On apartment websites, this typically looks like a repetition of "Chicago, IL apartments", and then "Chicago apartments", and then "Chicago, Illinois apartments", and then "apartments in Chicago", etc. These keywords (and all the other variations) show up again and again in the text of the website, or sometimes buried at the very bottom of the page. This example is from several years ago but it is a classic case of keyword stuffing.

Even worse, some black hat SEOs hide these words by putting them in font that is impossible for a human to see (e.g., in the same color as the background) to jam even more keywords on the page without looking too unnatural to a human being.

Or, we have seen each of these keywords link to different pages on the website that are optimized for their respective keywords--a variation on the "long-tail" SEO scam we discussed above. At it's worst, it looks like this (from Google's article on keyword stuffing).

The Consequences: As with most of the other SEO scams, this strategy can cause your website to be dropped in Google's rankings. Google can tell the difference between quality content and keyword stuffing, and it wants to reward the former and penalize the latter.

The Meta Keywords Tag SEO Scam

Meta tags give information about your website to computers. They are not visible to human beings and even most search engines don't pay much attention to them at all (with one major exception, which we will address below).

But because they aren't visible to human beings, most people don't know anything about them. Shady, black hat SEOs describe meta tags as some kind of secret weapon in ranking higher on Google. Specifically, they point to the meta keywords tag (where websites can list out the keywords they are trying to target), even though Google has stated repeatedly that Google does nothing with that tag.

Here is Matt Cutts, the head of Google's Webspam team:

 

The one thing that Matt Cutts does recommend is that you take the time to write out a valuable meta description tag unique for every page, because Google typically uses those descriptions in the snippet of the search engine listings on Google. So, if you write a compelling description, you could increase the amount of clicks you get when your website comes up with others who write less compelling descriptions.
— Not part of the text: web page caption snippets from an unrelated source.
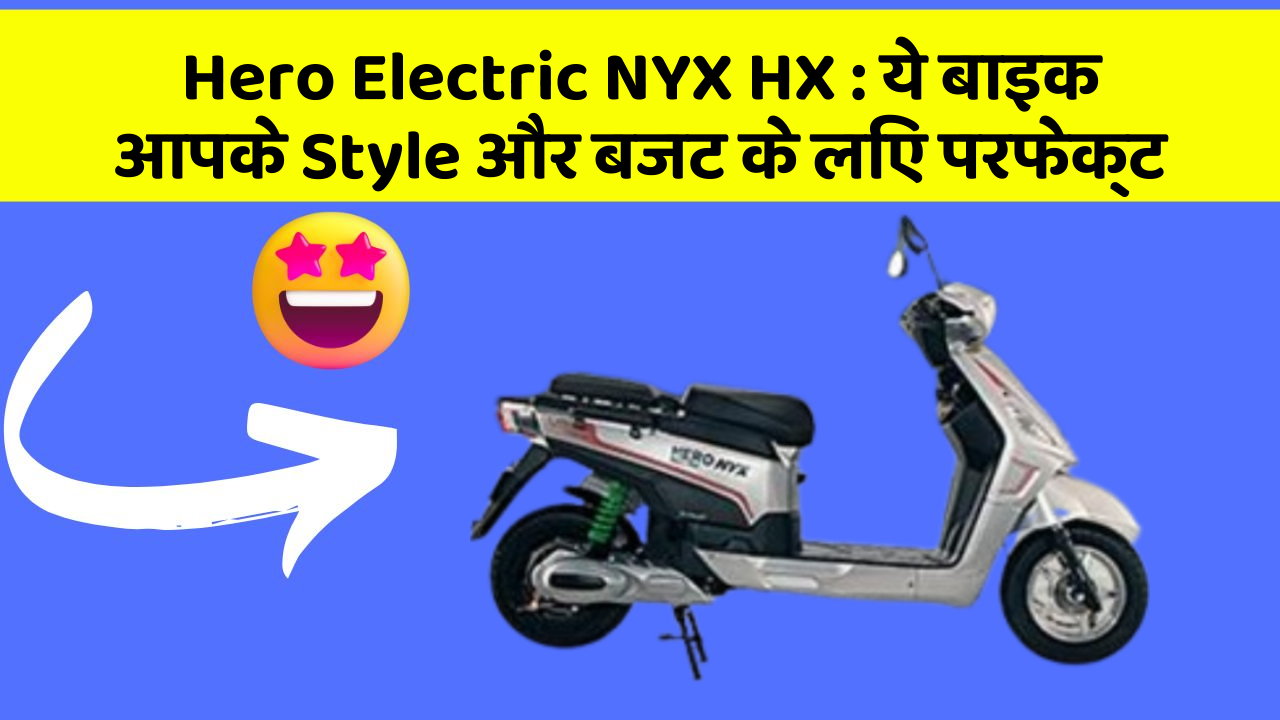 Hero Electric NYX HX : ये बाइक आपके Style और बजट के लिए परफेक्ट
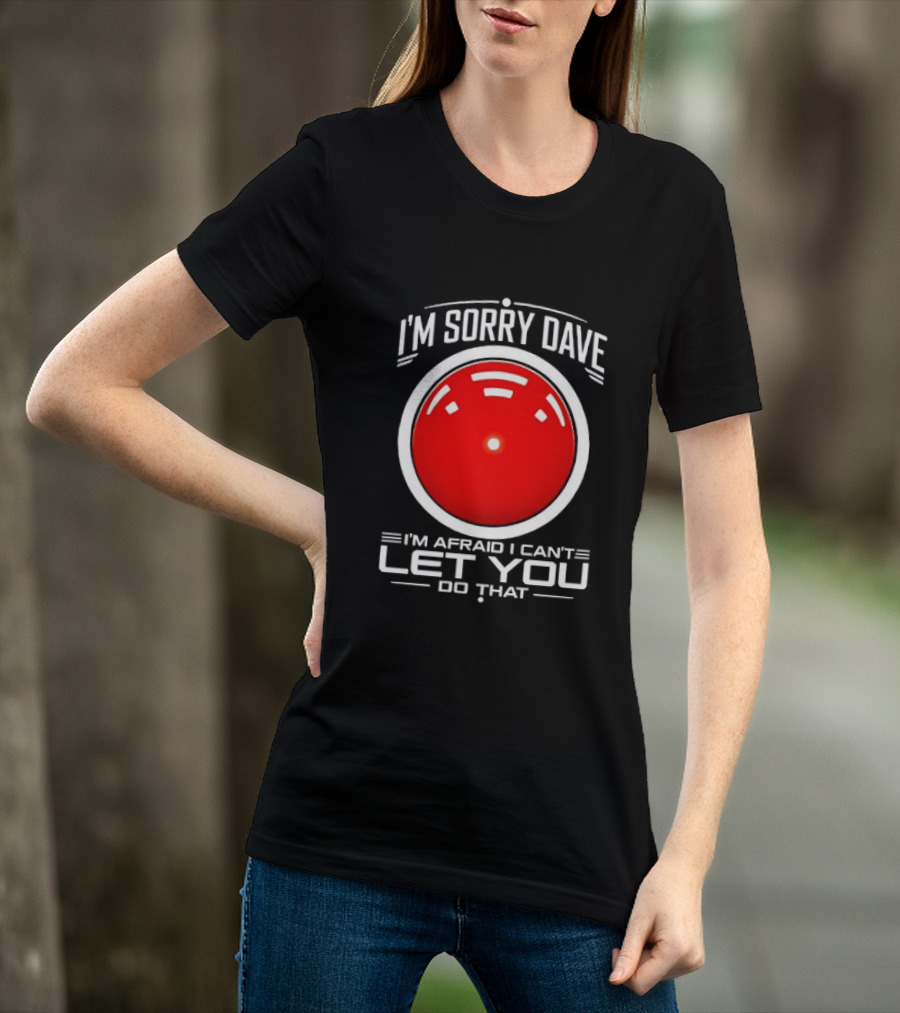 HAL 9000 I'm Sorry Dave I'm Afraid I Can't Let You Do That T-Shirt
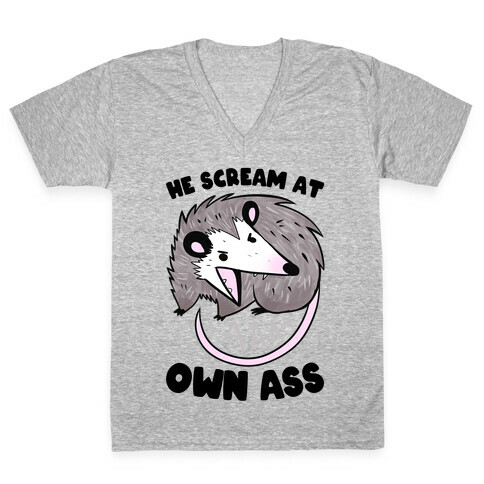 He Scream At Own Ass V-Neck Tee Shirt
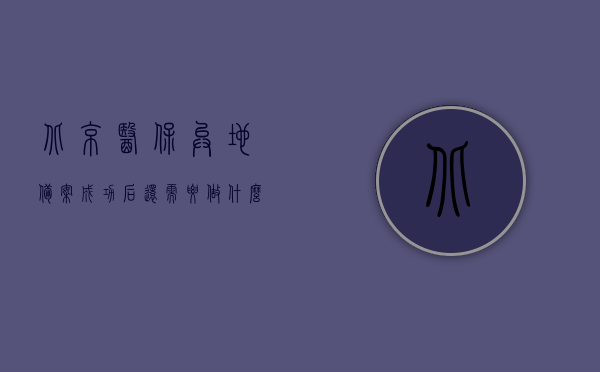 北京医保异地备案成功后还需要做什么手续吗（北京医保异地就医备案有效期是多久?_），北京医保异地备案成功后需知，后续手续及有效期详解，北京医保异地备案成功后需知，后续手续、有效期详解及注意事项指南，北京医保异地备案成功后需知，后续手续、有效期详解及注意事项指南，北京医保异地备案后续手续与有效期详解，指南与注意事项一网打尽！
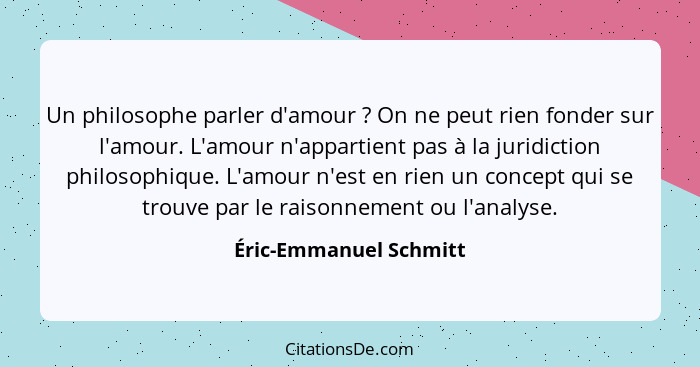 Un philosophe parler d'amour ? On ne peut rien fonder sur l'amour. L'amour n'appartient pas à la juridiction philosophiqu... - Éric-Emmanuel Schmitt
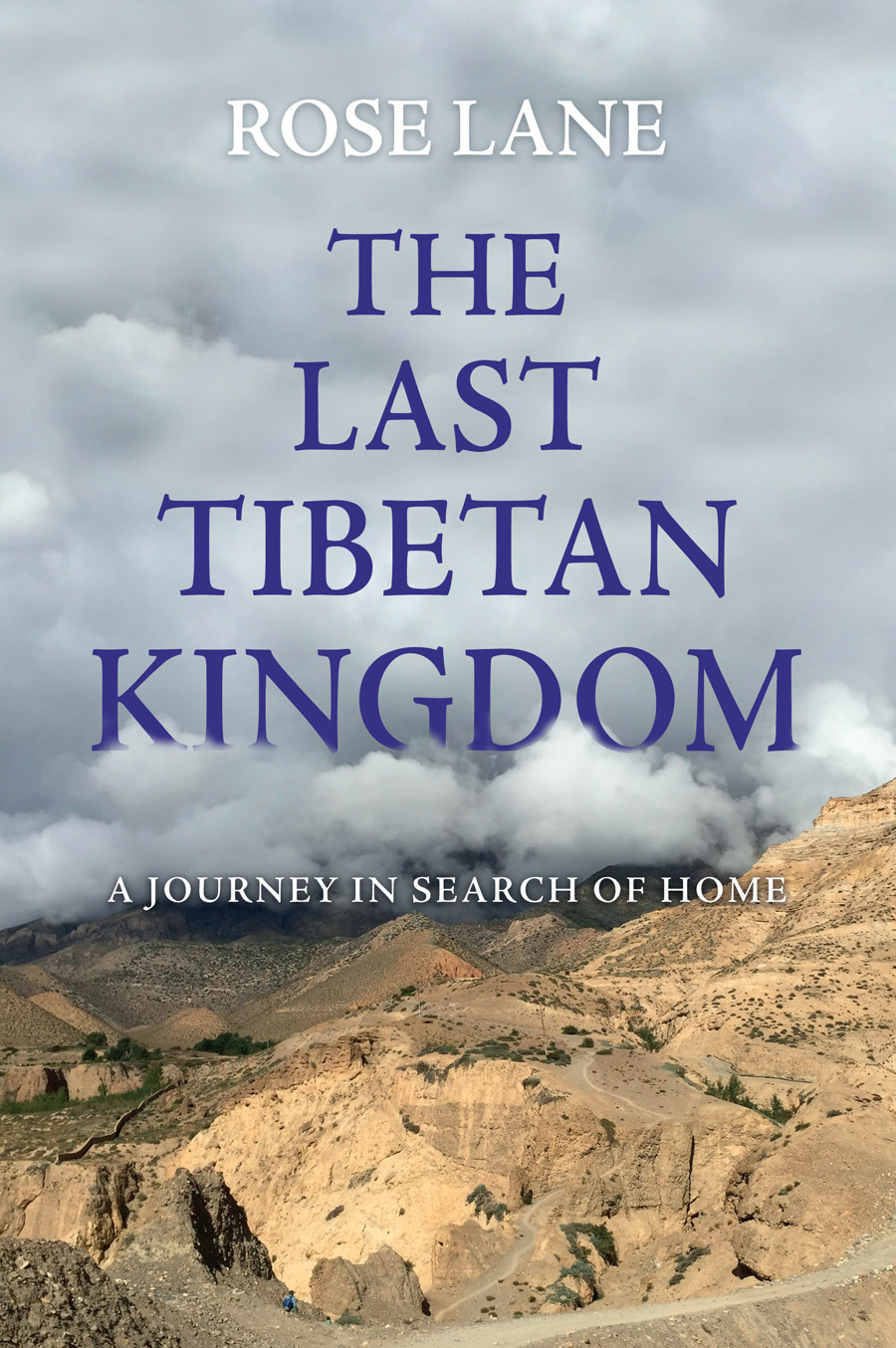 The Last Tibetan Kingdom A Journey In Search Of Home Rose Lane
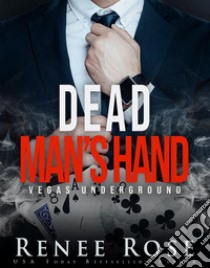 Dead Man's HandA Mafia Romance. E-book. Formato EPUB ebook di Renee Rose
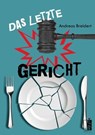 Das letzte Gericht - Andreas Breidert - 9783963521140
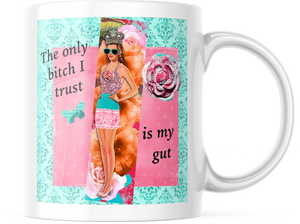 The Only B!tch I Trust Is My Gut | Funny 11oz. Coffee Mug | CM155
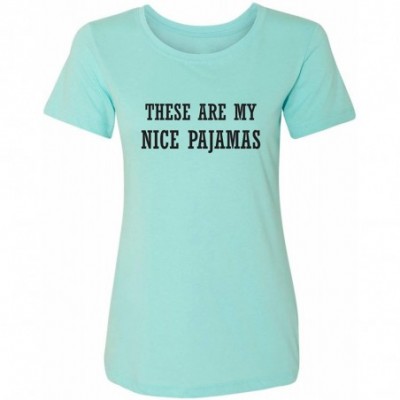 Tops These are My Nice Pajamas Womens Crewneck tee - Cancun Blue - CA190AQGMEY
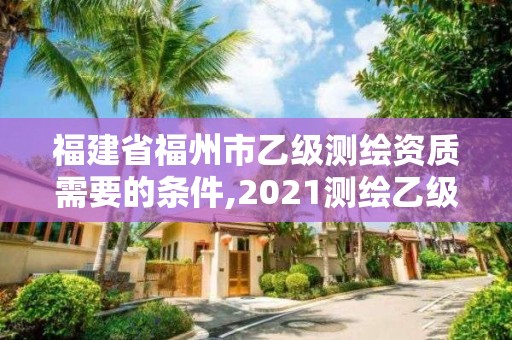 福建省福州市乙級測繪資質需要的條件,2021測繪乙級資質要求。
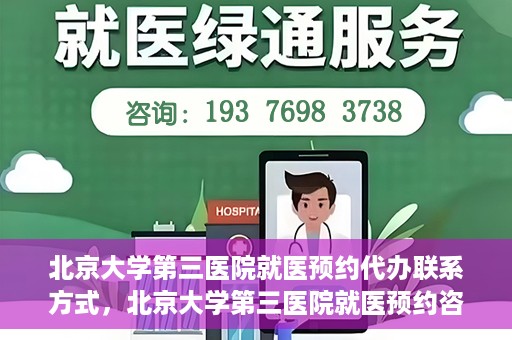北京大学第三医院就医预约代办联系方式，北京大学第三医院就医预约咨询及联系方式详解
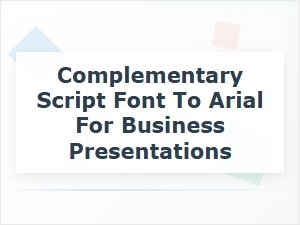 A Graceful Partner for Arial in Presentations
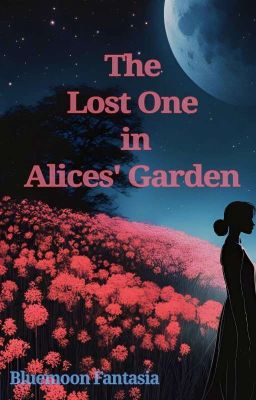 The Lost One in Alice's Garden 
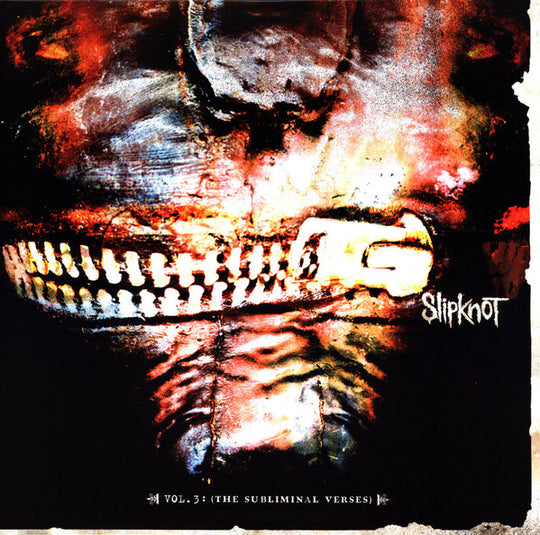 Slipknot – Vol. 3: (The Subliminal Verses)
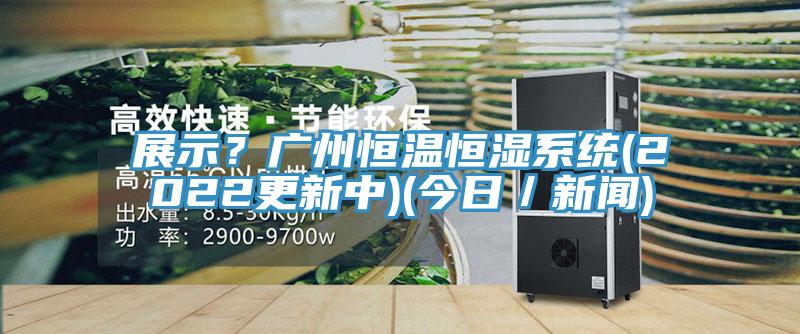 展示？廣州恒溫恒濕係統(2022更新中)(今日／新聞)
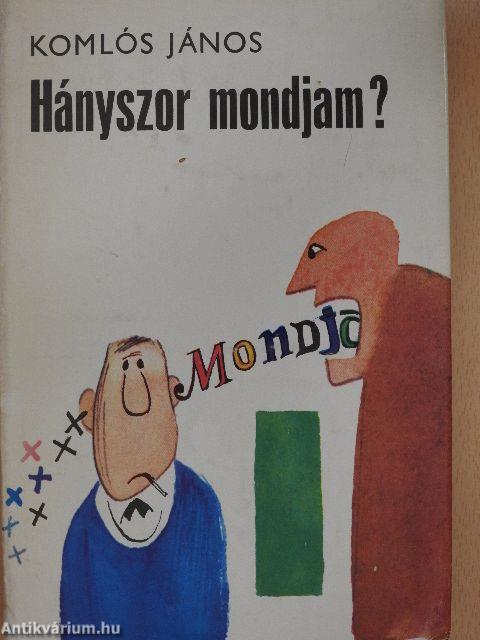 Hányszor mondjam?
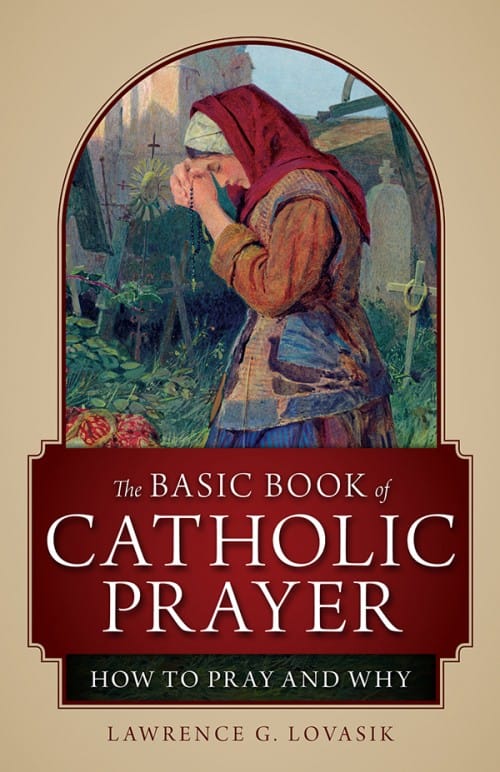 The Basic Book Of Catholic Prayer, # 400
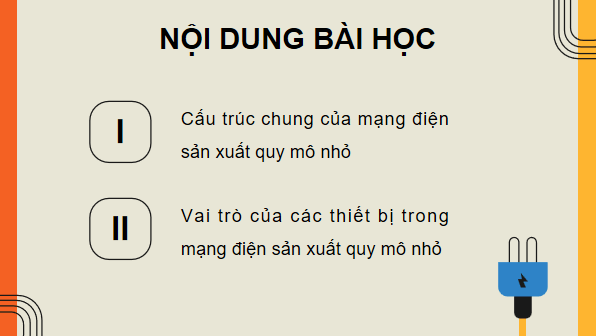 Giáo án điện tử Công nghệ 12 Kết nối tri thức Bài 6: Mạng điện sản xuất quy mô nhỏ | PPT Công nghệ 12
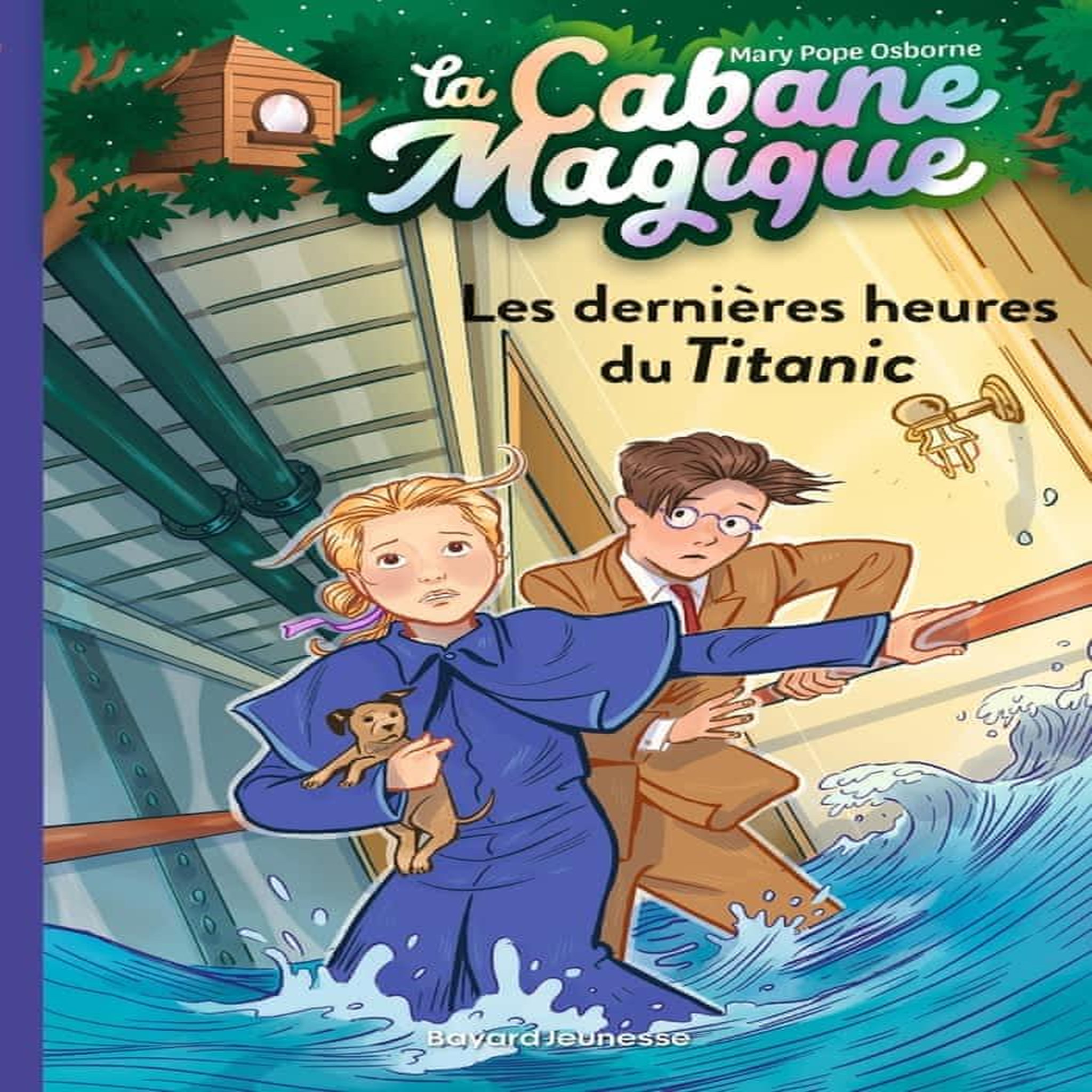 LA CABANE MAGIQUE TOME 16 : LES DERNIERES HEURES DU TITANIC, Osborne Mary Pope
The Consequence: Thankfully, there aren't any penalties that Google has assessed to address this specifically that we know of. Probably, this SEO scam will only cost you money, not your position on Google.

SEO Scams vs. Real SEO Work

Real SEO work is never simple. There isn't a quick-fix, a hack, or a trick that will vault you to the top of Google. Real SEO work is less about cramming your shopping list of keyword phrases onto each page as it is about helping the people who use your website. Real SEO work means building a well organized website with high quality content that actually helps prospective apartment residents.

Don't fall for the scams. If someone is selling you SEO services that sound too good to be true, you probably are getting pitched by a scammer.